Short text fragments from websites
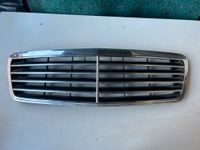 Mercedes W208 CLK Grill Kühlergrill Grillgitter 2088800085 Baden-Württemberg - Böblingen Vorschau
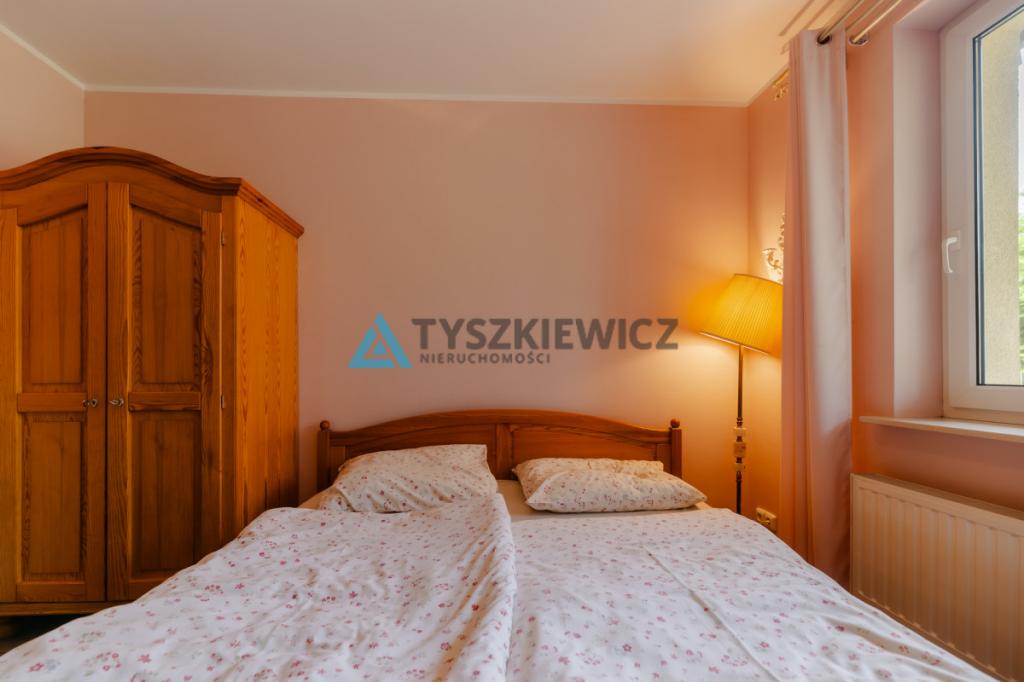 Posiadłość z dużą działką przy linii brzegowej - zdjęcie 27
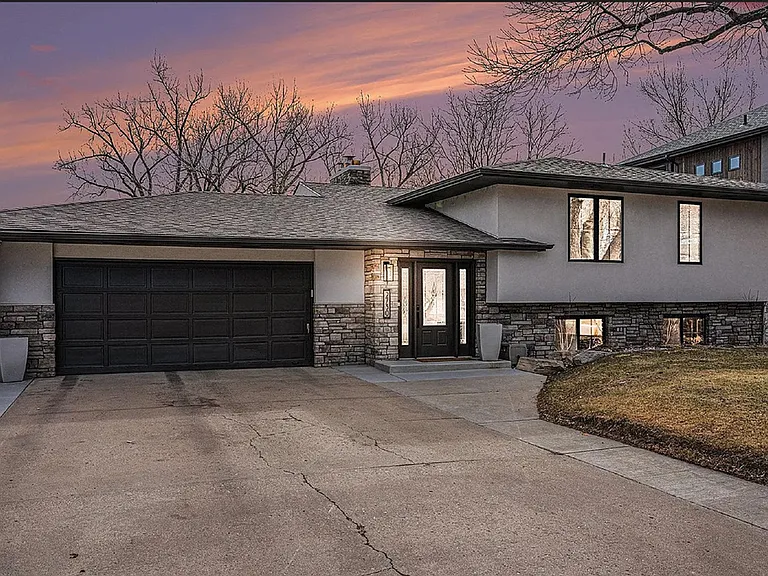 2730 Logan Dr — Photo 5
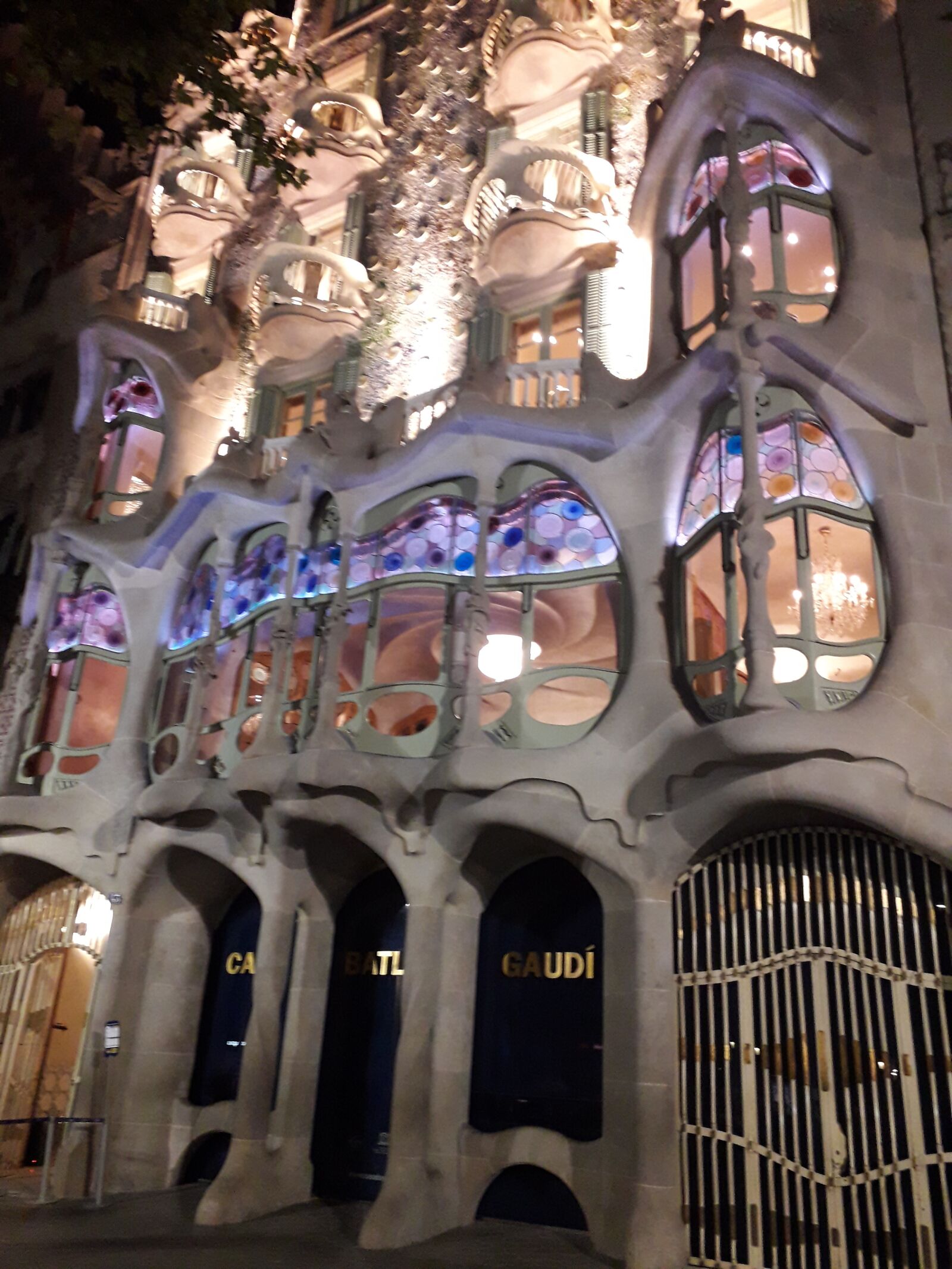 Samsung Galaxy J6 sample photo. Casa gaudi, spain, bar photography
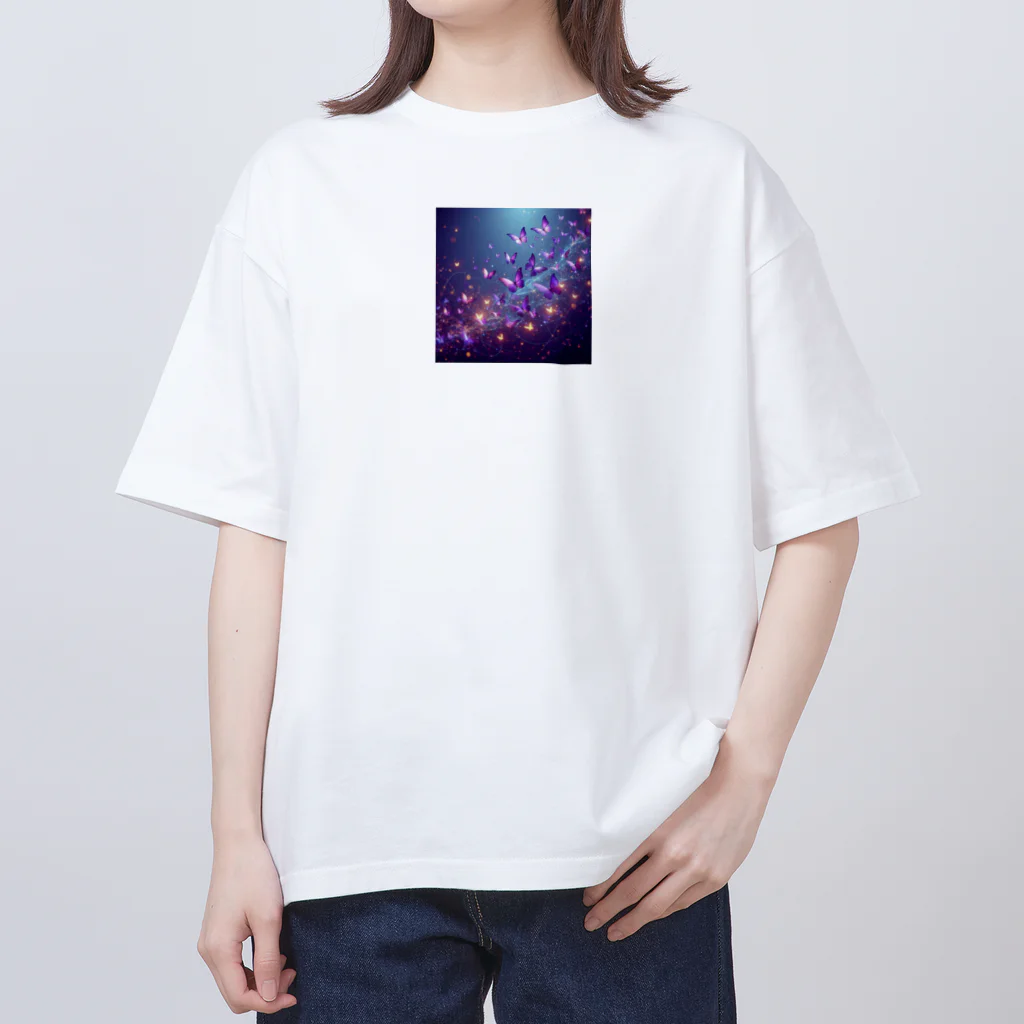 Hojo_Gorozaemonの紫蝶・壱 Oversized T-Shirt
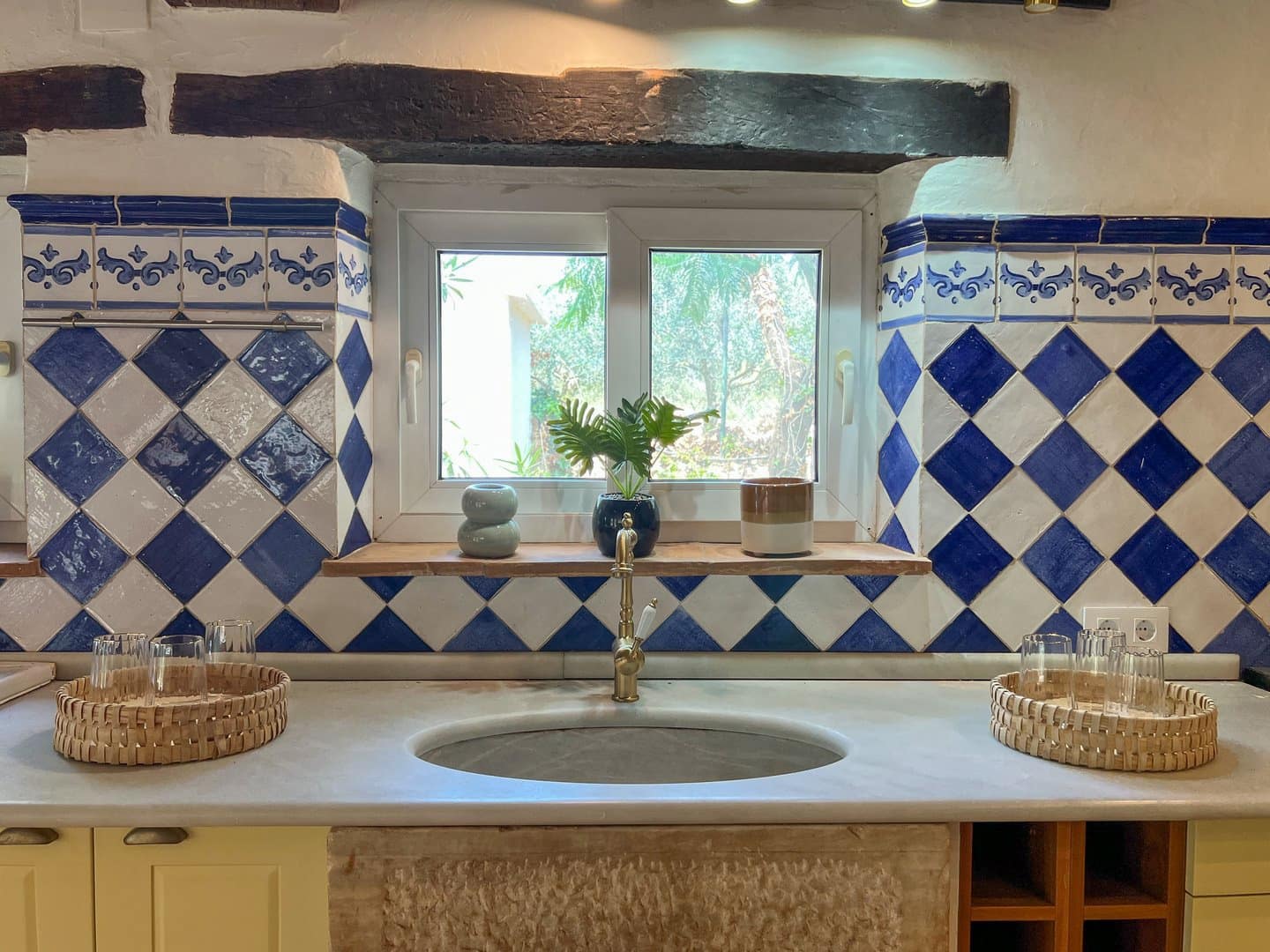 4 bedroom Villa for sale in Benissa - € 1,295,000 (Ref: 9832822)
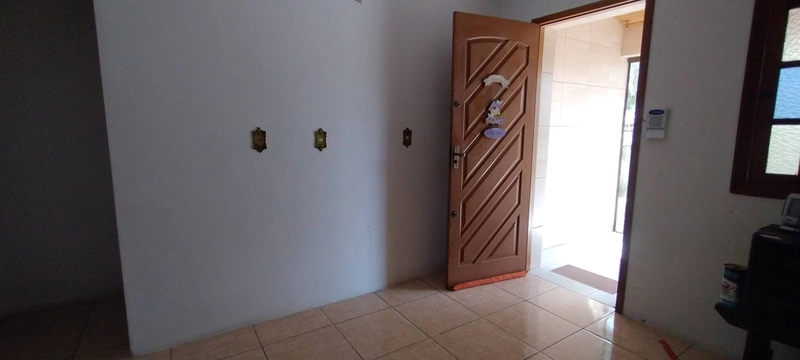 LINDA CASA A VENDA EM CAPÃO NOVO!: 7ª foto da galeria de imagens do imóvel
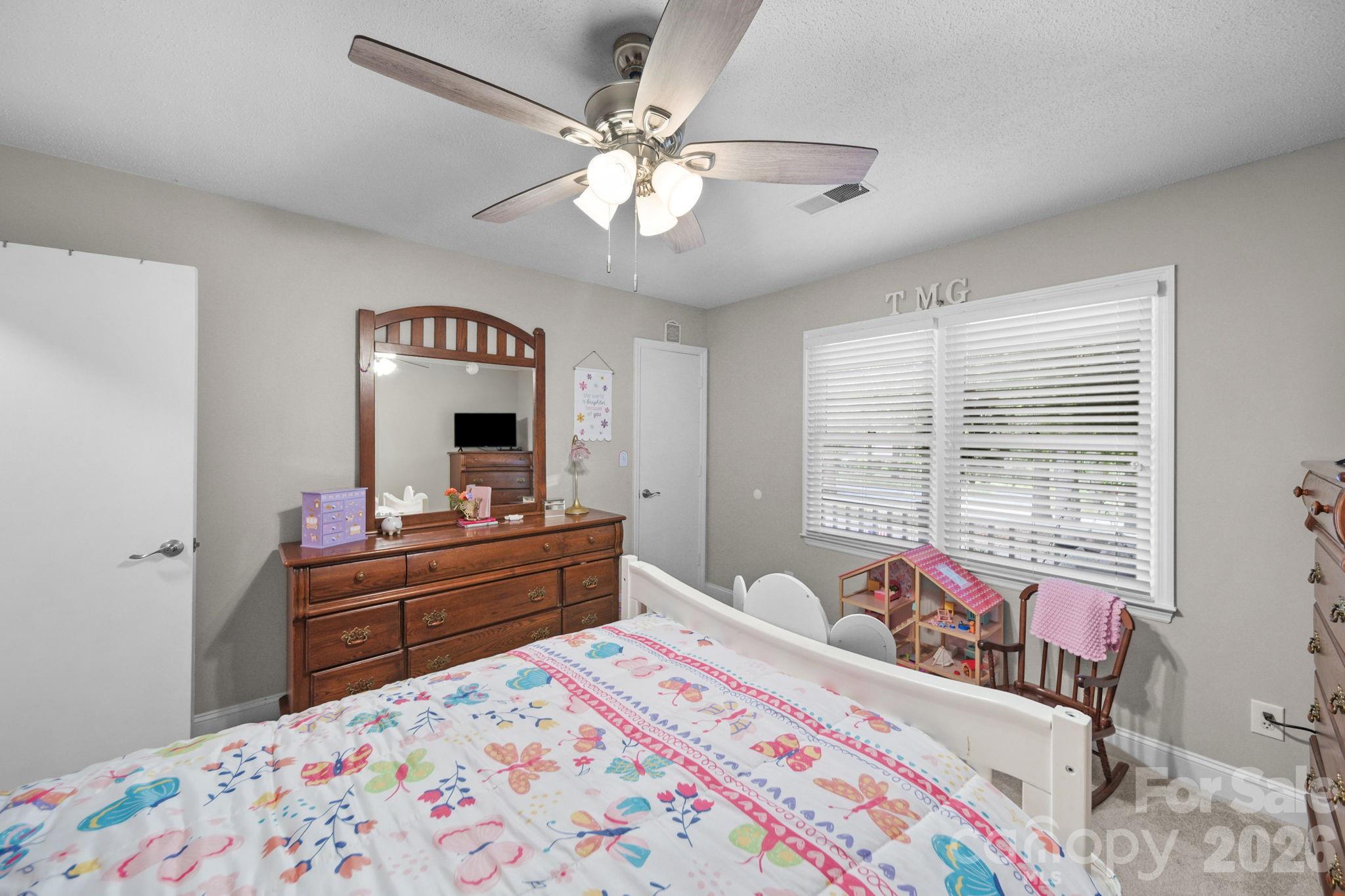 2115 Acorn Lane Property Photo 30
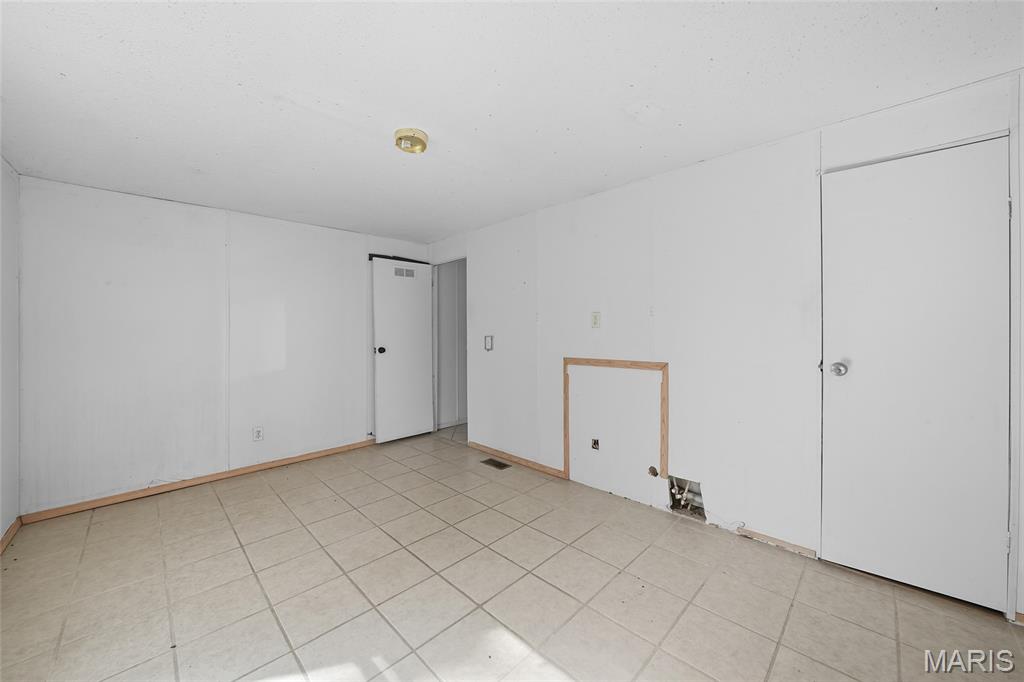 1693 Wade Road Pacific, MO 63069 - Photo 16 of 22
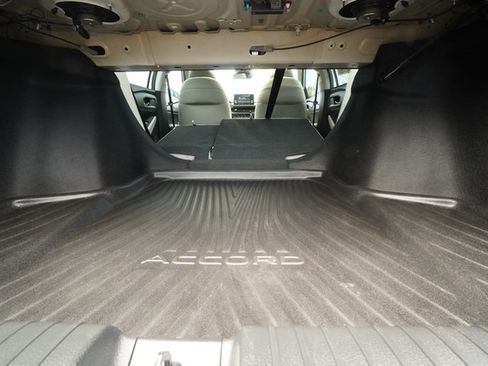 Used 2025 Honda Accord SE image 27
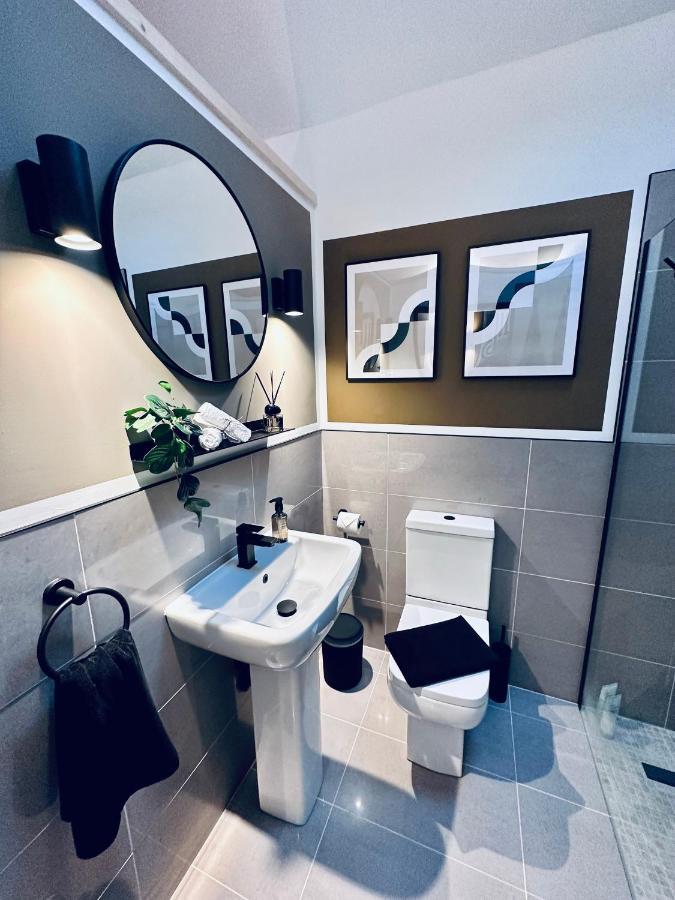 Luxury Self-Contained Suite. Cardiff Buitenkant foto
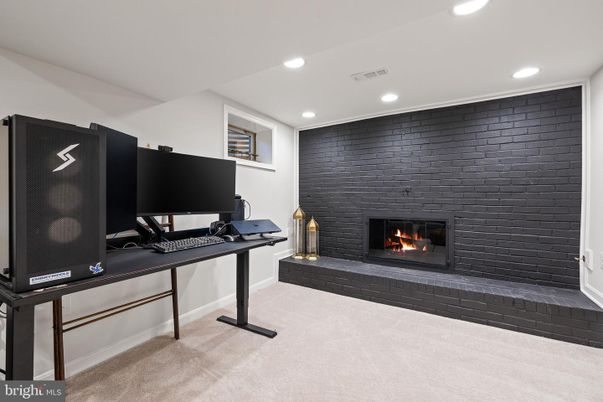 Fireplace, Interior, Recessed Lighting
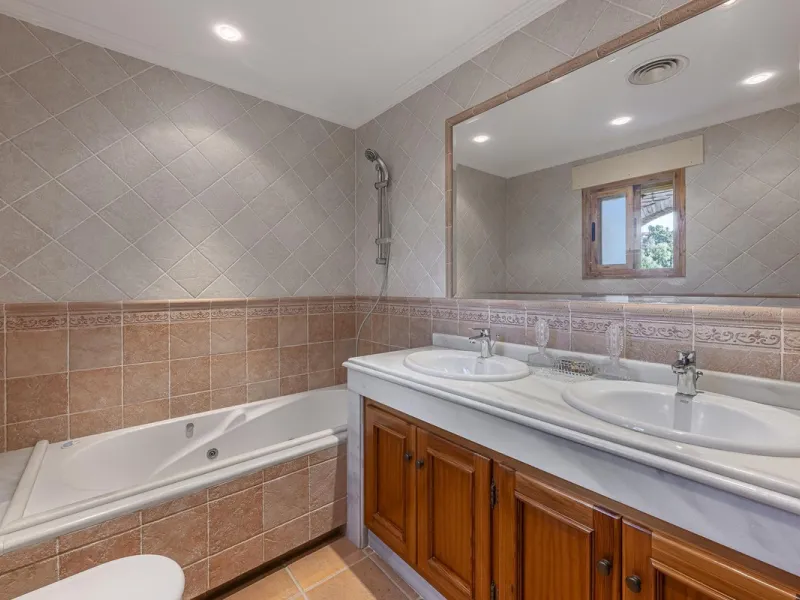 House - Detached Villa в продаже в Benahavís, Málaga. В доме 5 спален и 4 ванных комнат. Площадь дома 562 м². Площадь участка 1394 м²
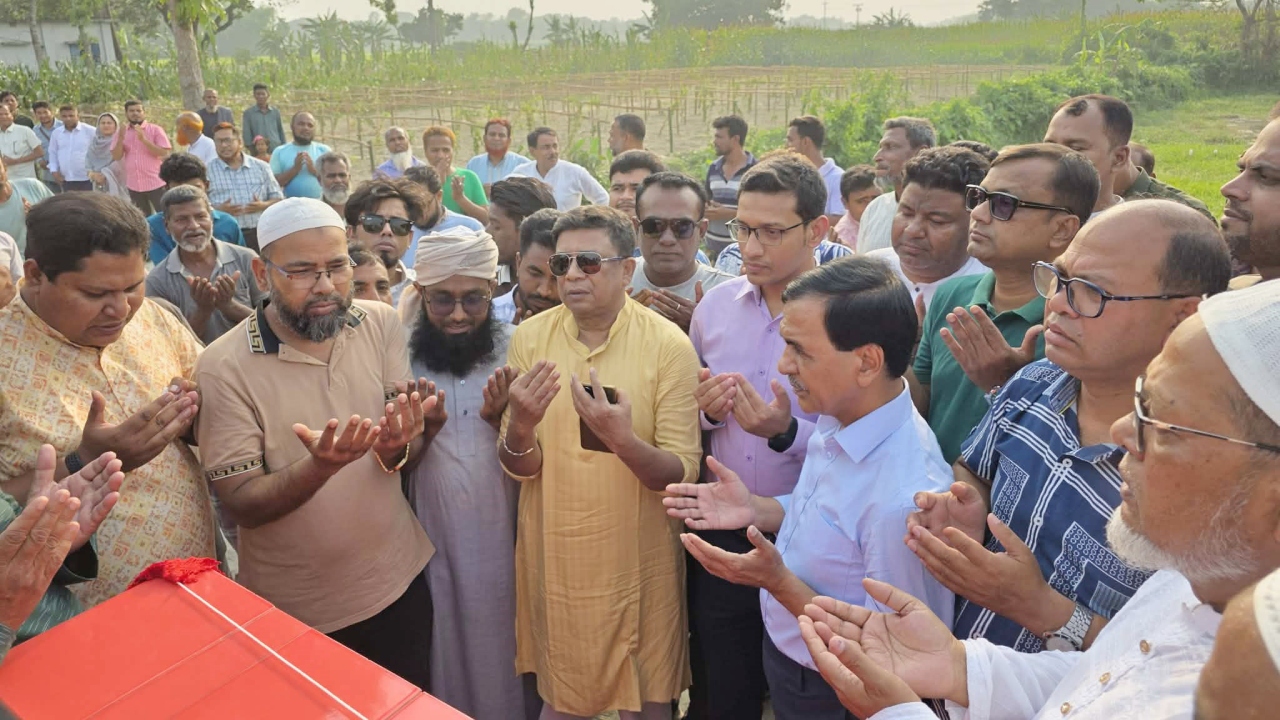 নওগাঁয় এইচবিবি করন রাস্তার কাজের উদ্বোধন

**What is being asked:** Beginning with the line containing "Luxury Self-Contained Suite." and ending with the last line of the data, output those lines exactly and nothing more. Omit every picture.

**Response:**
 Luxury Self-Contained Suite. Cardiff Buitenkant foto
 Fireplace, Interior, Recessed Lighting
 House - Detached Villa в продаже в Benahavís, Málaga. В доме 5 спален и 4 ванных комнат. Площадь дома 562 м². Площадь участка 1394 м²
 নওগাঁয় এইচবিবি করন রাস্তার কাজের উদ্বোধন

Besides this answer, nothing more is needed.